Personal information
- Full name: Oleksandr Mykhaylovych Syrota
- Date of birth: 11 June 2000 (age 26)
- Place of birth: Kyiv, Ukraine
- Height: 1.93 m (6 ft 4 in)
- Position: Centre-back

Team information
- Current team: Dynamo Kyiv

Youth career
- 2010–2019: Dynamo Kyiv

Senior career*
- Years: Team / Apps / (Gls)
- 2019–: Dynamo Kyiv / 58 / (2)
- 2024–2025: → Maccabi Haifa (loan) / 22 / (2)
- 2025–2026: → Kocaelispor (loan) / 6 / (0)
- 2026: → Amedspor (loan) / 16 / (0)

International career^{‡}
- 2017: Ukraine U17 / 1 / (0)
- 2020–2023: Ukraine U21 / 10 / (1)
- 2021–: Ukraine / 2 / (0)

Medal record
Men's football
Representing Ukraine
UEFA European Under-21 Championship
| Bronze medal – third place | 2023 Georgia-Romania |  |

= Oleksandr Syrota =

Ukrainian footballer

Oleksandr Mykhaylovych Syrota (Олександр Михайлович Сирота; born 11 June 2000) is a Ukrainian professional footballer who plays as a centre-back for Dynamo Kyiv.

==Club career==
Born in Kyiv, Syrota is a product of the Dynamo Kyiv youth sportive school.

He played for FC Dynamo in the Ukrainian Premier League Reserves and in December 2019 he was promoted to the senior squad team.
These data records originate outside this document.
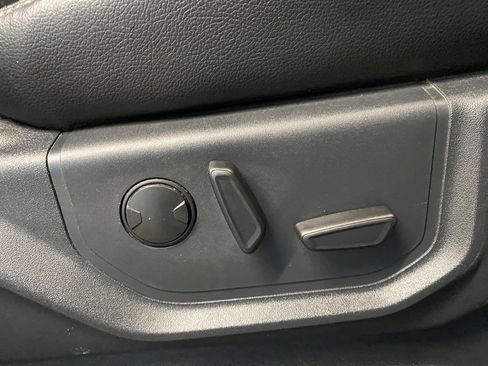 Used 2022 Ford F450 Lariat w/ Lariat Ultimate Package image 42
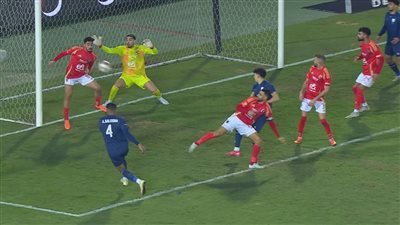 الأهلي يؤجل حسم مستقبل لاعبه المحترف لنهاية دوري أبطال إفريقيا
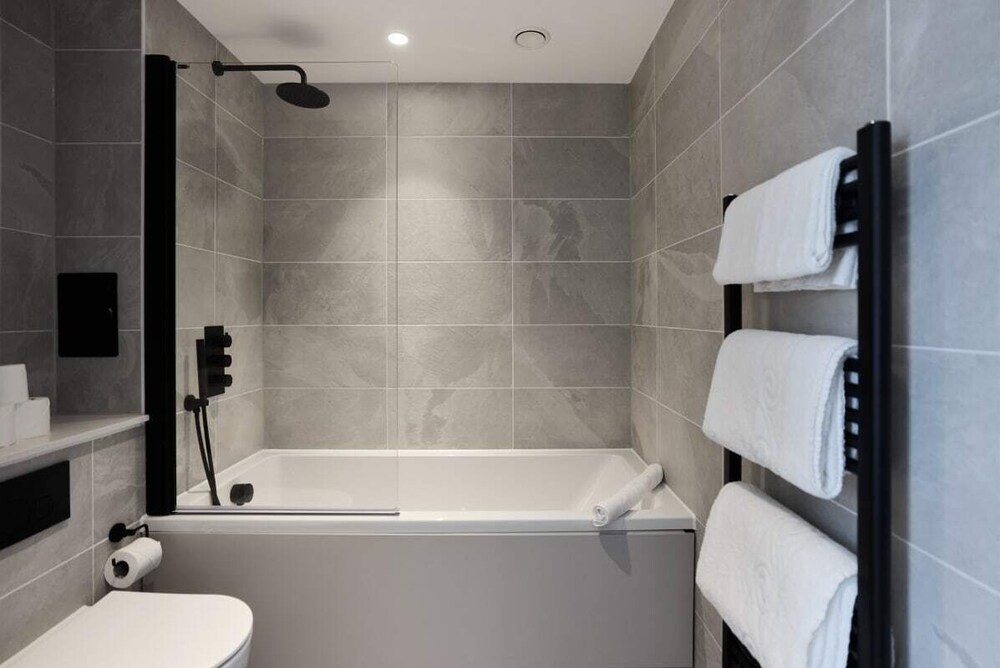 The Tottenham Hideaway - Alluring 1bdr Flat With Balcony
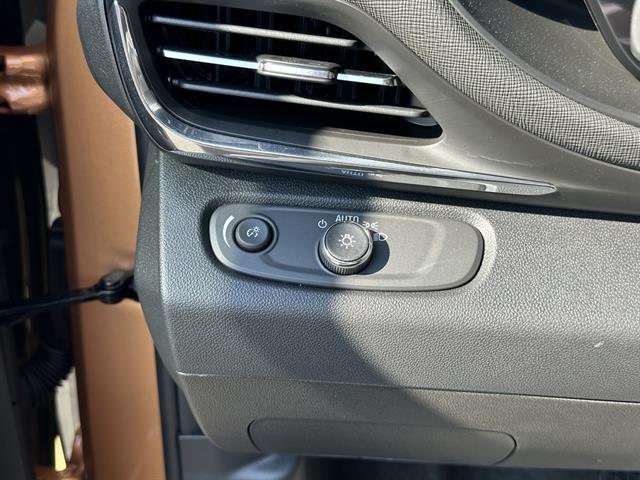 new 2025 Buick Envista car, priced at $23,536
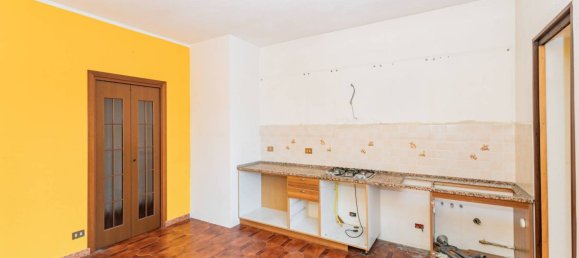 1 bedroom Apartment in Peschiera Borromeo, Italy No. 264174 7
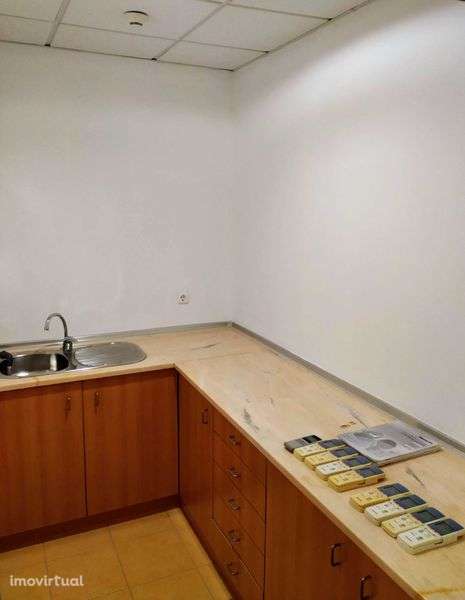 1 Armazém - Condomínio Linhó - Grande imagem: 5/12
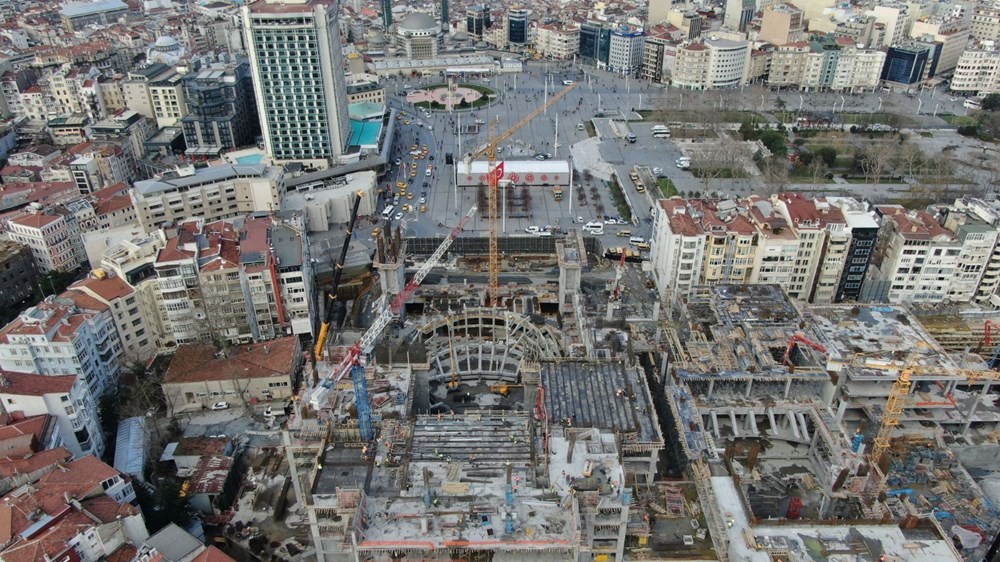 Atatürk Kültür Merkezi Taksim'de yükselmeye başladı 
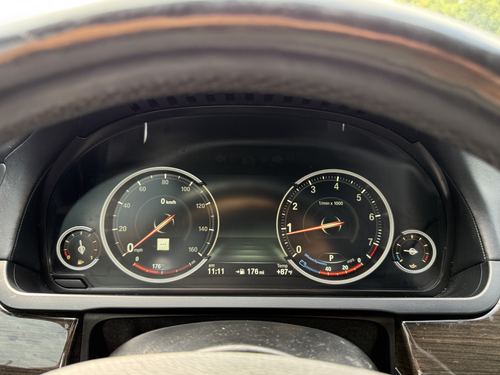 2014 BMW 750 i xDrive — photo 21
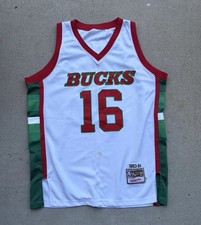 MITCHELL & NESS NBA THROWBACK MILWAUKEE BUCKS BOB LANIER 1983-84 HOME JERSEY 52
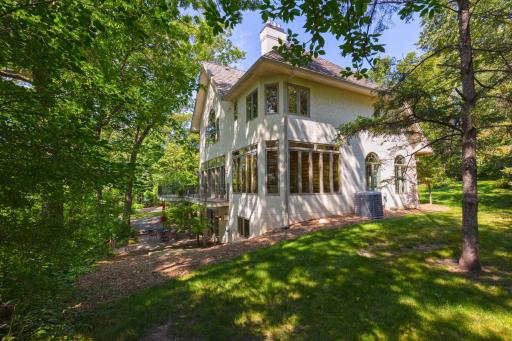 1535 Bavarian Shores Drive, Chaska, MN 55318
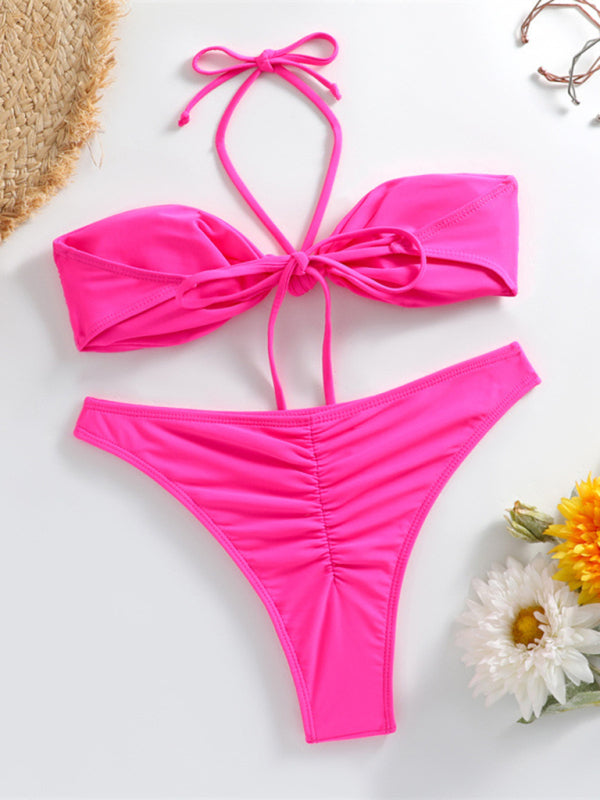 Femininer Neckholder-String-Bikini mit Knoten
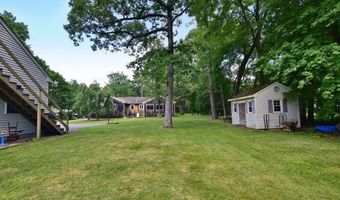 85 Maple St, Bellingham, MA 02019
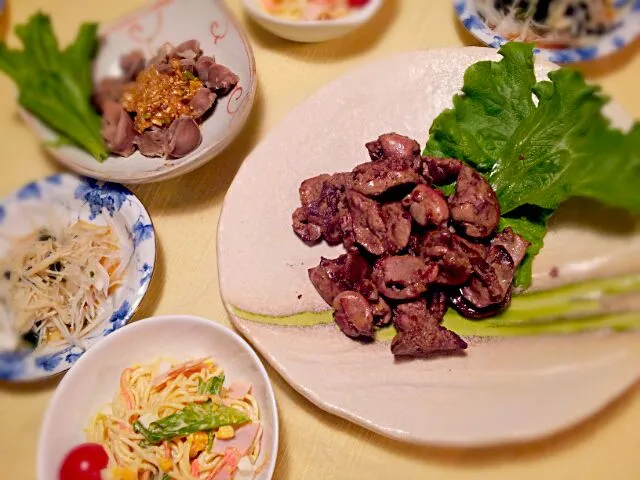 ☆鶏レバー焼き
☆砂肝の塩ネギタレ
☆サラスパ
☆ワカメと新たまの酢の物|りえぞ～さん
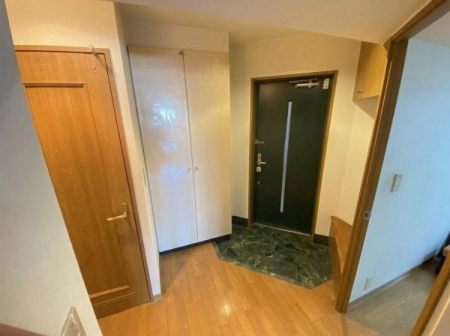 ���� ���ʐ^�͉Ƌ�������H���Ă���܂��B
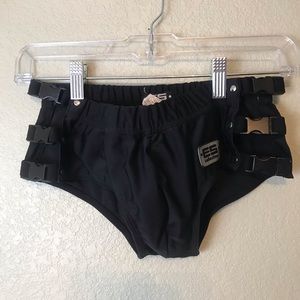 ES Collection Swim Brief Squeeze Buckle Closures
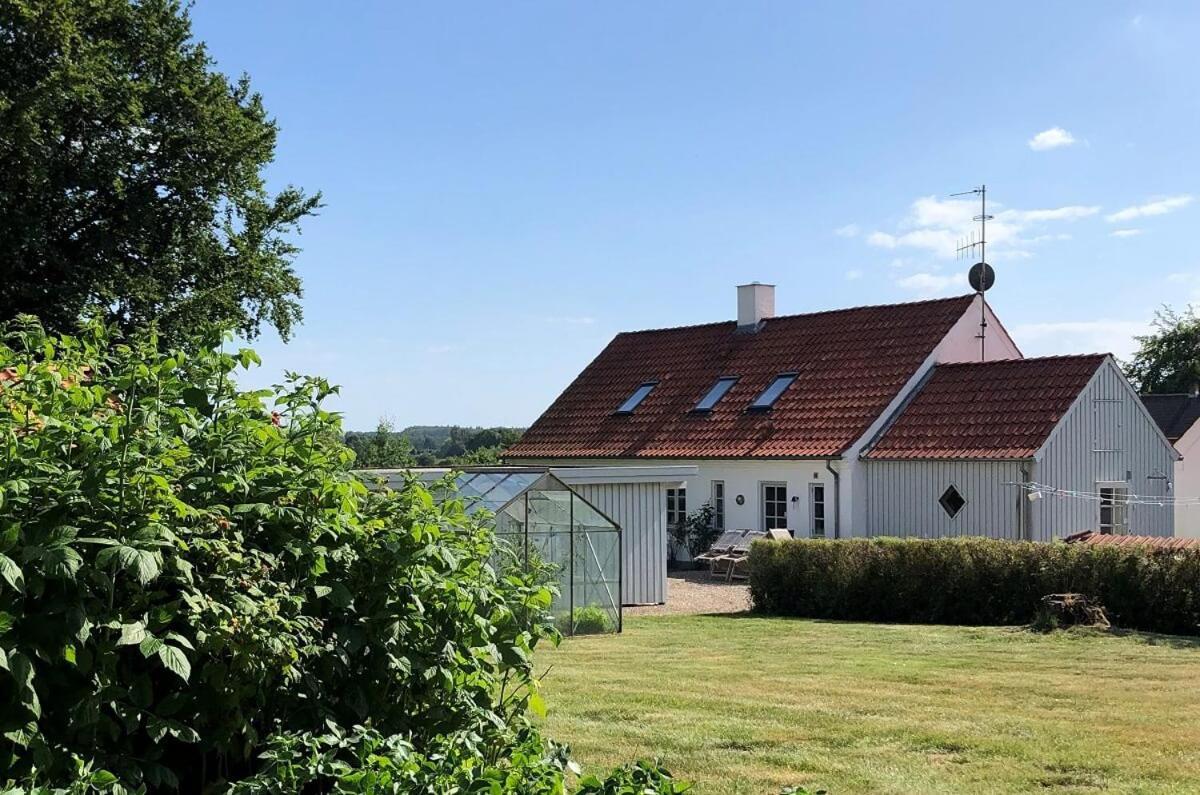 Pensionatet Ro Bed and Breakfast Stenstrup Buitenkant foto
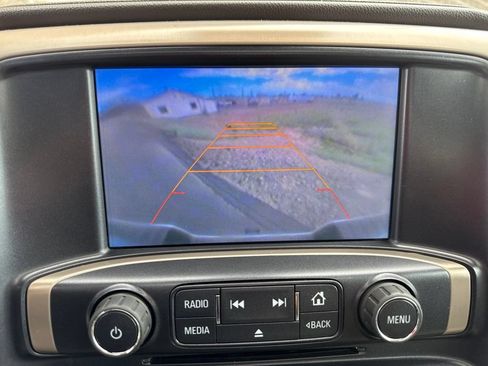 Used 2015 GMC Sierra 2500 Denali w/ Duramax Plus Package AWD/4WD image 25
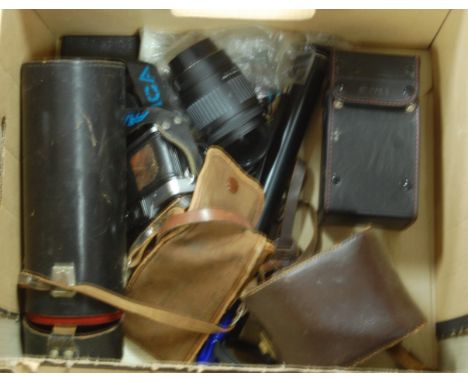 A collection of assorted cameras, camera equipment and accessories to include; Bell & Howell auto-set turret camera in fitted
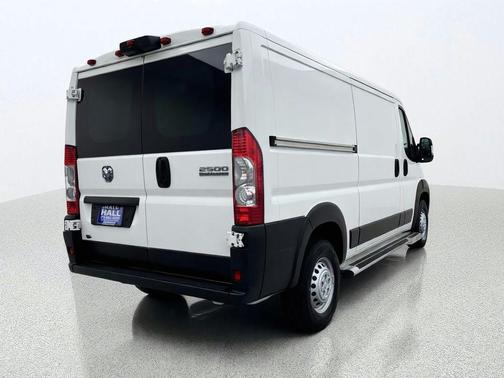 Bright White Clearcoat 2025 RAM ProMaster 2500 Tradesman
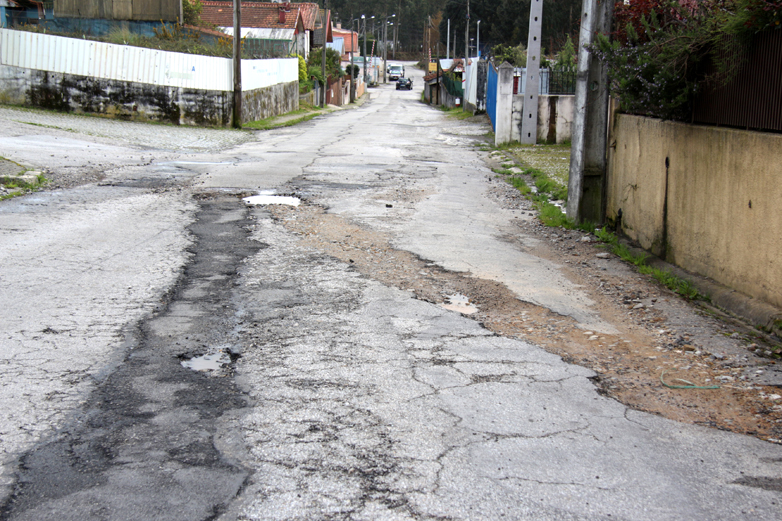 Rua de Vieiros - Fornos - Escapães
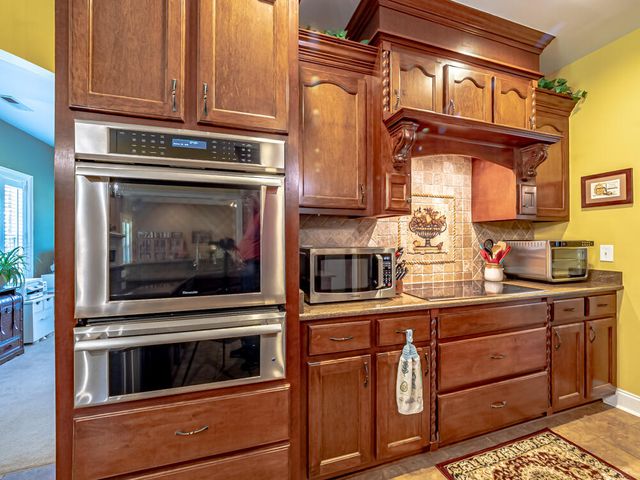 40 Lakewood Court, Sumter, SC 29150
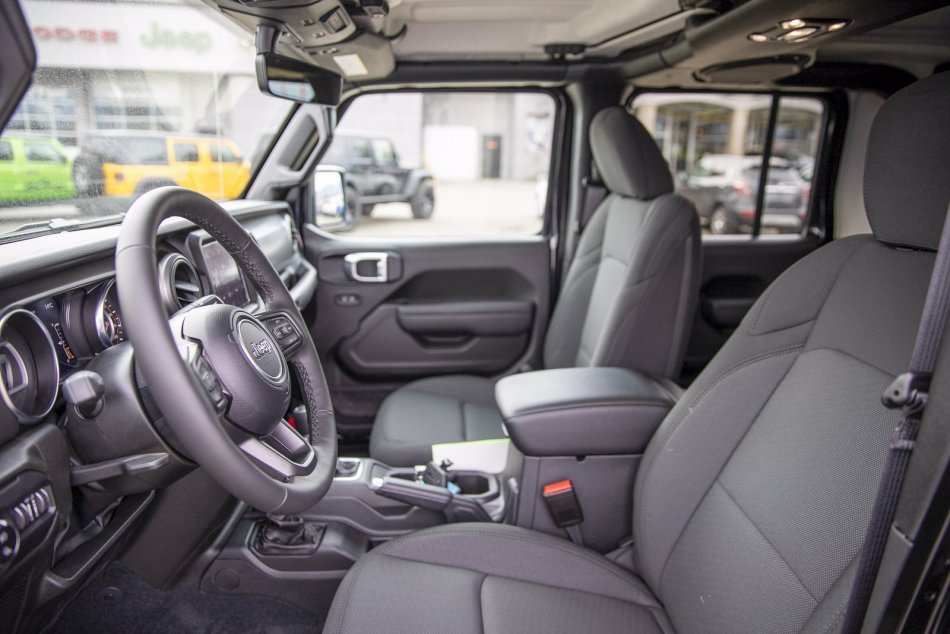 JEEP Gladiator Sport S 1C6JJTAM9NL118033 103873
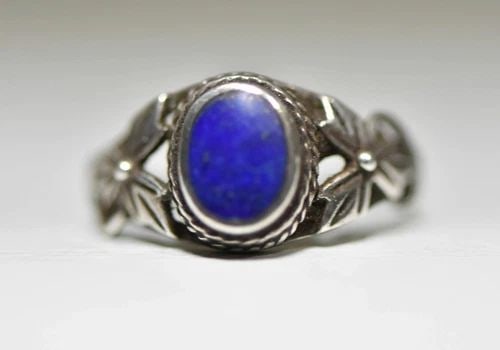 BLUE LAPIS RING VINTAGE FLORAL DESIGN STERLING SILVER WOMEN GIRLS: BLUE LAPIS RING VINTAGE FLORAL DESIGN STERLING SILVER WOMEN GIRLS Blue Lapis ring vintage floral design sterling silver women girls size 6.25 weight 2.5g Widest part of the band 3/8" Thinnest part of 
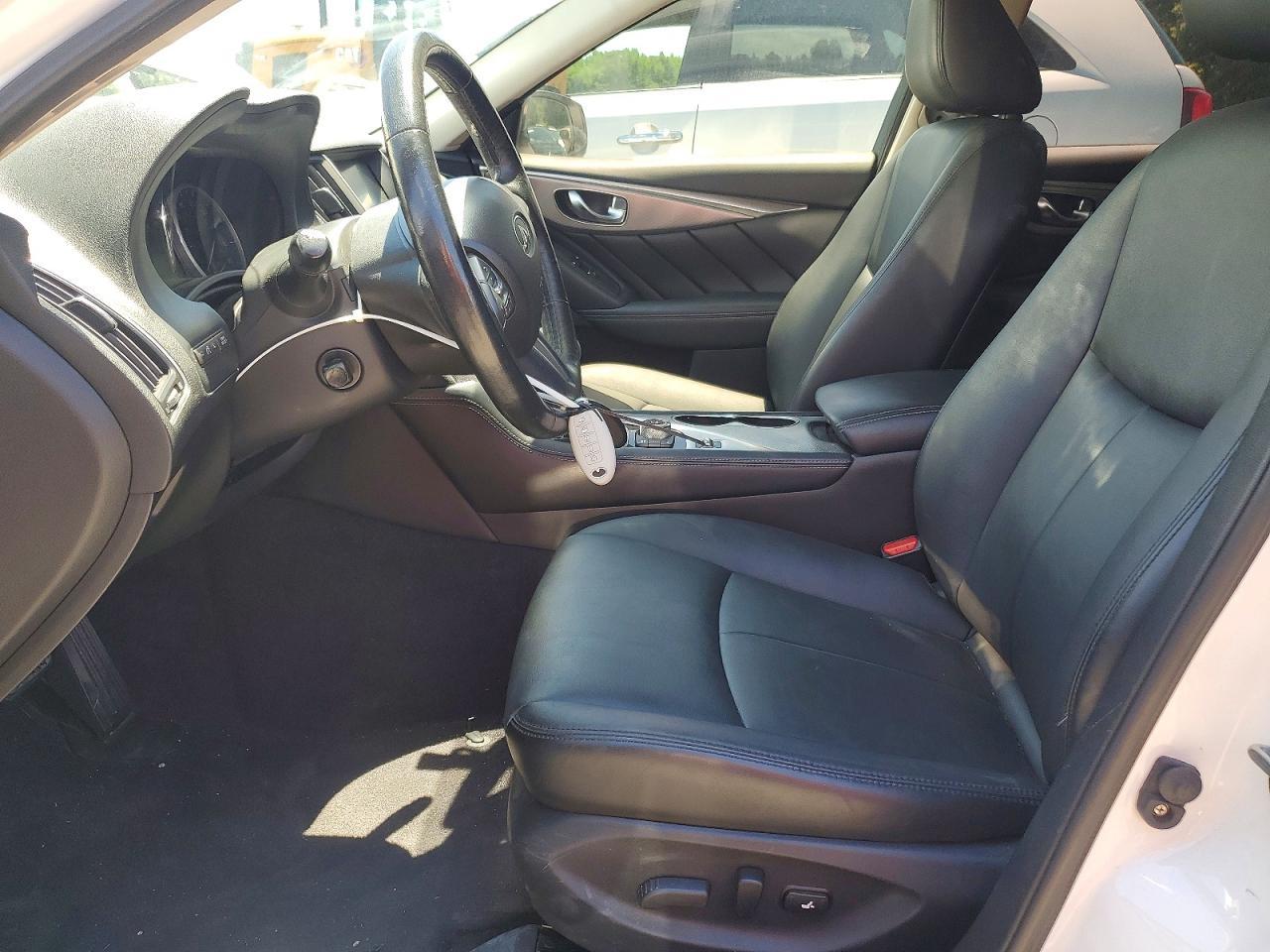 2016 Infiniti Q50 3.0T Premium - Image 7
Syrota made his debut in the Ukrainian Premier League for Dynamo Kyiv only on 4 July 2020, playing in a losing home match against FC Shakhtar Donetsk.

On 11 July 2024, Syrota signed for Maccabi Haifa on a on year loan deal.

==International career==
In 2017, Syrota was a member of the Ukraine U17's squad, that participated at the UEFA European Under-17 Championship in Croatia, but not appeared in any game.

Also he was called up for the Ukraine U21's matches in March 2020, but they were cancelled due to the COVID-19 pandemic.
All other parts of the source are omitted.